Given the listing below, write out exactly the lines starting with the line that has "Manufacturer Wholesale Custom" and going on through the line that has "2Set GX12 2/3/4/5/6/7", both kept.

:: EXERCISE DATA ::

+ + +

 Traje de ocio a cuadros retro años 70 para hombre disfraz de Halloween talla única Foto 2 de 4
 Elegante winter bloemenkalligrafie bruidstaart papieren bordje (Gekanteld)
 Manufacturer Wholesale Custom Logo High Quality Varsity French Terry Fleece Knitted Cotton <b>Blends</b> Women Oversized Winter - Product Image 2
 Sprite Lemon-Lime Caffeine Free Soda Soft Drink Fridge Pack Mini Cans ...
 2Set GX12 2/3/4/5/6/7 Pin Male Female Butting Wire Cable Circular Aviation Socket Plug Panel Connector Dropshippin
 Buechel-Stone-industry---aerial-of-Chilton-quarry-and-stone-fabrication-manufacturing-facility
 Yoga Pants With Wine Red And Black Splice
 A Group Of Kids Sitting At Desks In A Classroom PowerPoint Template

+ + +

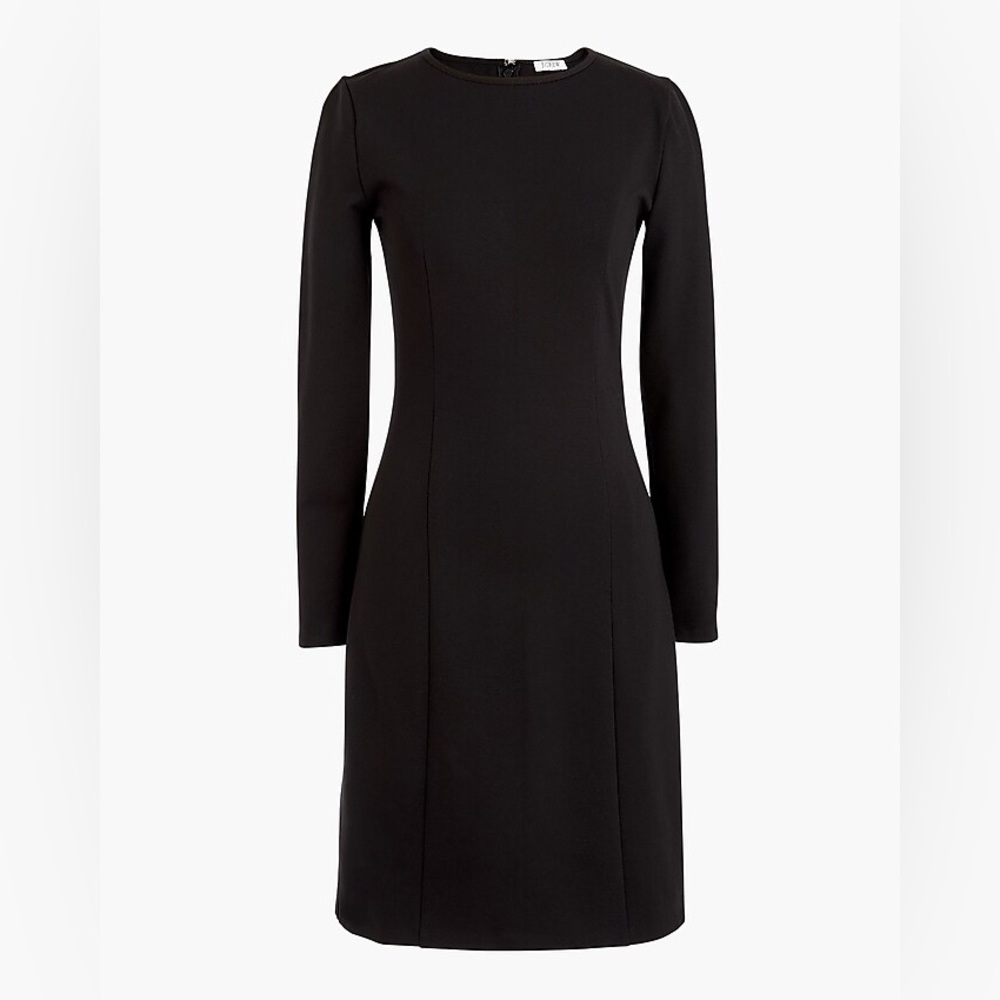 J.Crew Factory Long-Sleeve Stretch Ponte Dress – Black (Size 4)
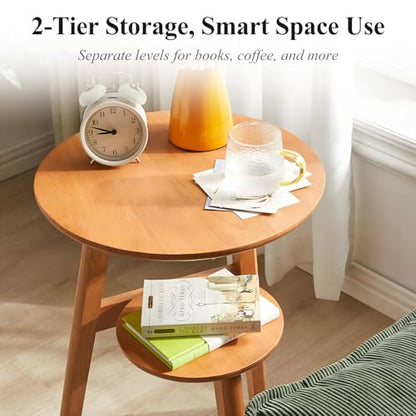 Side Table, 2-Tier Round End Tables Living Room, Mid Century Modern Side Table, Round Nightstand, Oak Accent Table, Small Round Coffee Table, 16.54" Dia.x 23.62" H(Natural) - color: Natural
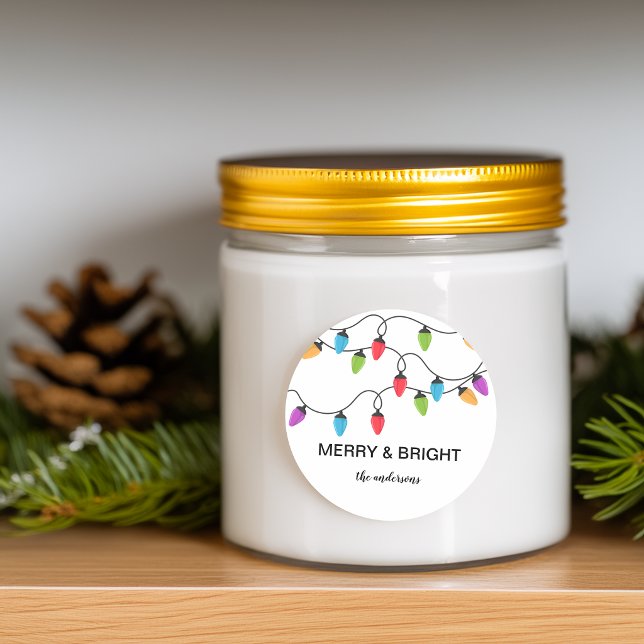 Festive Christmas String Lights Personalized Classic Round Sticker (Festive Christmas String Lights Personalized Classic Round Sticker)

+ + +

:: RESULT OF THE EXERCISE ::
 Manufacturer Wholesale Custom Logo High Quality Varsity French Terry Fleece Knitted Cotton <b>Blends</b> Women Oversized Winter - Product Image 2
 Sprite Lemon-Lime Caffeine Free Soda Soft Drink Fridge Pack Mini Cans ...
 2Set GX12 2/3/4/5/6/7 Pin Male Female Butting Wire Cable Circular Aviation Socket Plug Panel Connector Dropshippin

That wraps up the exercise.